____ SOURCE MATERIAL

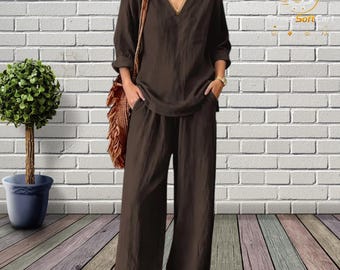 Haut décontracté à col en V, manches longues et pantalons larges pour femmes - Tenue d'été décontractée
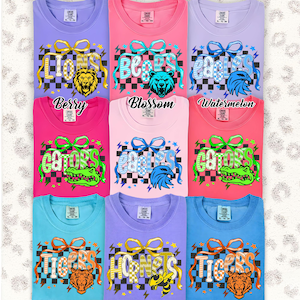Comfort Colors Custom Mascot Checkered Ribbon Spirit Shirt, School Spirit Game Day Shirt, School Spirit Shirt, Sports Team Mascot  Shirt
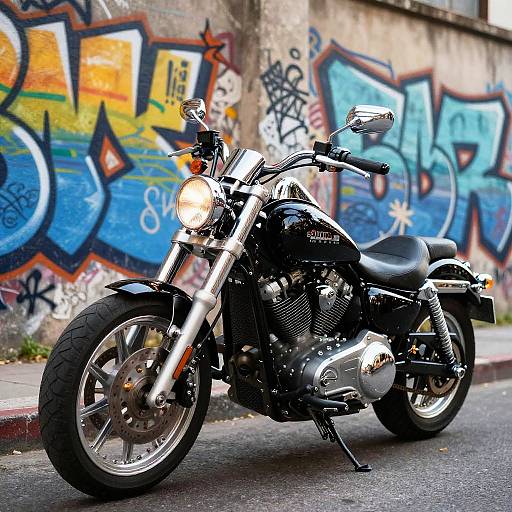 Vibrant Tunado Motorcycle by Graffiti Wall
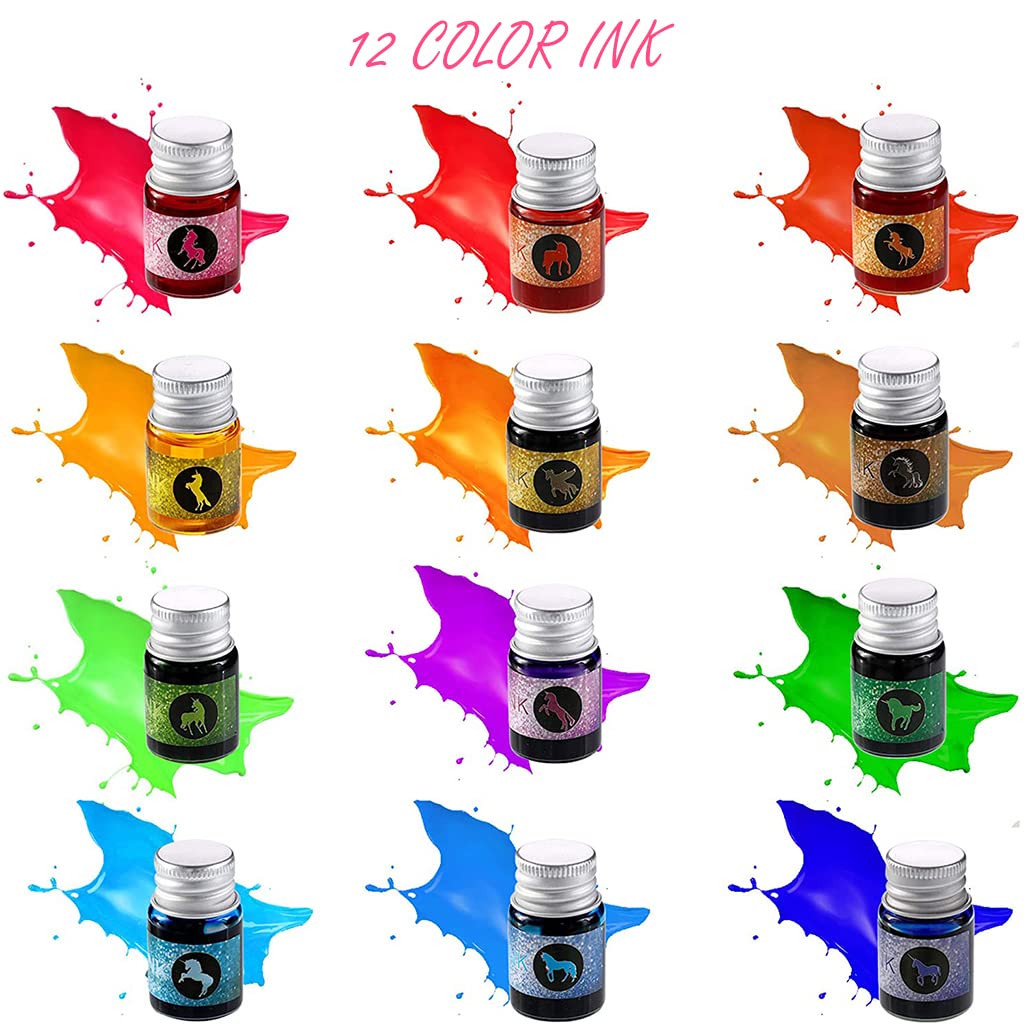 Climberty Glass Dip Pen Set, Calligraphy Pens and Ink Set - 12 Colors Ink, Crystal Glass Pen Set for Art, Writing, Drawing, Signatures, Gift for Kids and Artist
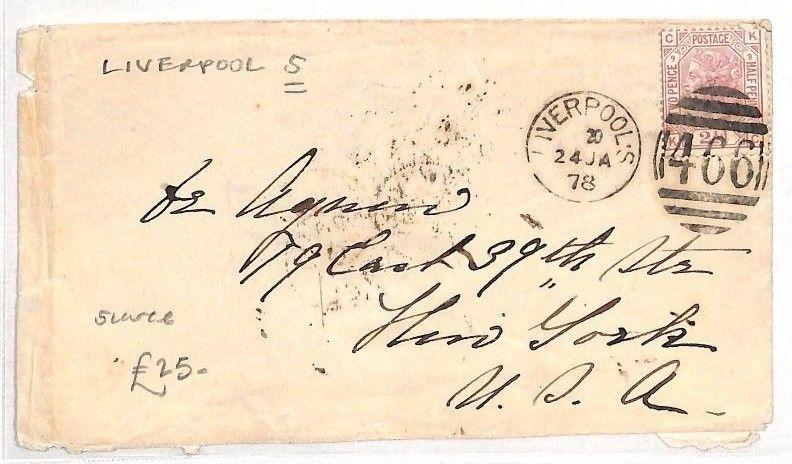 AN58 1878 GB Liverpool to USA New York Cover 2½d rate {samwells-covers}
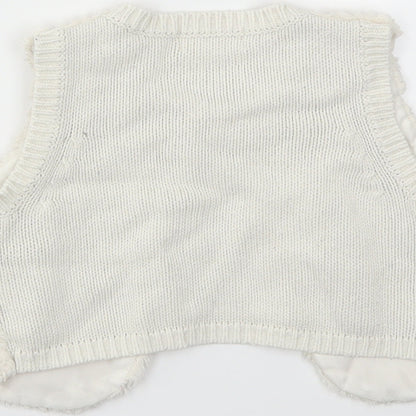 H&M Girls Ivory   Basic Jacket Jacket Size 3-4 Years
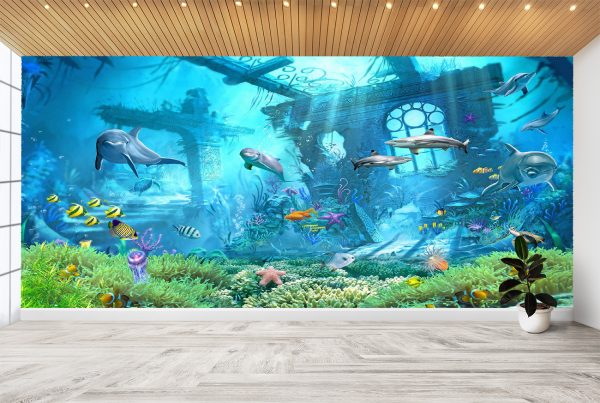 Underwater Coloured Life Wall Mural Photo Wallpaper UV Print Decal Art Décor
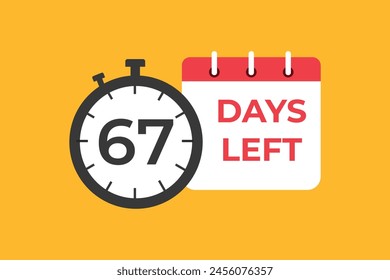 67 days to go countdown template. 67 day Countdown left days banner design. 67 Days left countdown timer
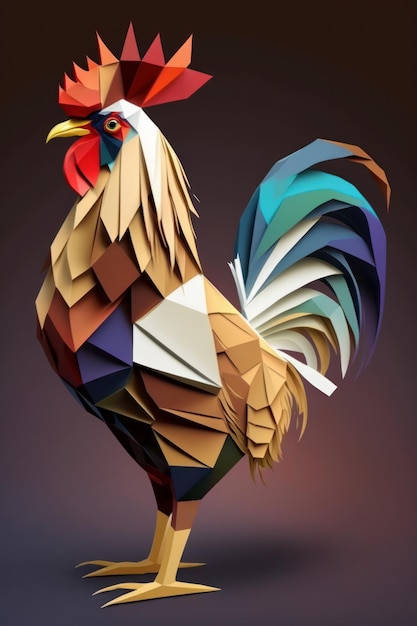 Rooster in the old style of painting Beautiful illustration picture Generative AI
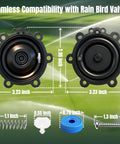 Front view of FRUSSONIA 3-pack irrigation valve diaphragm replacement kit; includes two Buna-N diaphragms and hardware.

________

- **WHAT IS BEING ASKED**:
With all pictures left out, please transcribe exactly the lines from the start of the material through the line with "Vibrant Tunado Motorcycle by Graffiti Wall".

- **EXERCISE OUTPUT**:
 Haut décontracté à col en V, manches longues et pantalons larges pour femmes - Tenue d'été décontractée
Comfort Colors Custom Mascot Checkered Ribbon Spirit Shirt, School Spirit Game Day Shirt, School Spirit Shirt, Sports Team Mascot  Shirt
 Vibrant Tunado Motorcycle by Graffiti Wall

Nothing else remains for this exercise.